On Sat, Aug 10, 2013 at 12:03:00AM -0700, Jonathan Nieder wrote:
> Jeff King wrote:
> > Sorry to be unclear. I meant that treating /etc/mailname and gethostname
> > differently might be justified on Debian under the logic "if you have
> > /etc/mailname, that is a trustworthy address, and if you do not, then we
> > cannot guess at a trustworthy address (because putting it in
> > /etc/mailname is the accepted way to do so on Debian)".
> > But such logic would not extend to other operating systems, where
> > /etc/mailname does not have such a status.
> I thought that on other operating systems people typically don't have
> an /etc/mailname. How does trusting the file when present hurt?
I guess I am not explaining myself well. Trusting the file when present
does not hurt at all. But the logic above is making assumptions about
the state when the file is _not_ present (i.e., the "if you do not..."

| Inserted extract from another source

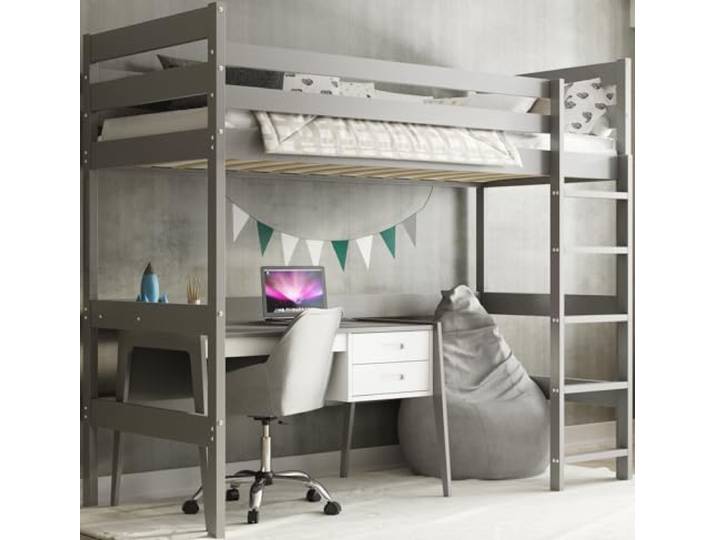 Interbeds Hochbett Holzbett Kinderbett 200x90cm mit Lattenrost ohne Matratze (grau, 200x90cm)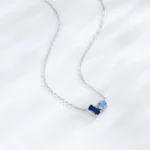 Rectangular Round Blue Zircon Necklace 925 Sterling Silver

clause above). On Debian, we might assume that if /etc/mailname is not
present that this is a clue that the machine cannot produce a useful
address. But on other operating systems, that is not a useful clue (it
is simply that /etc/mailname is not used on that system). Dying on such
a system when /etc/mailname is not present would be a regression.
Does that make more sense?
> I *am* a bit worried about what people might put in /etc/mailname on
> Debian systems when there is no appropriate host to put there (as on
> Thorsten's machine).
Yeah. Or even in a split-horizon setup where the mail is deliverable but
does not reflect the public identity of the user. I think we are getting
down to the question I mentioned elsewhere: it is not about whether we
have a deliverable address or not, but what users want to cement in
history for all time as their identity.
So thinking too much about /etc/mailname versus gethostname is probably
not useful. Either it is worth breaking the few (if any) users who
depend on the auto ident in favor of fewer accidental implicit idents
making their way into the wild, or it is not.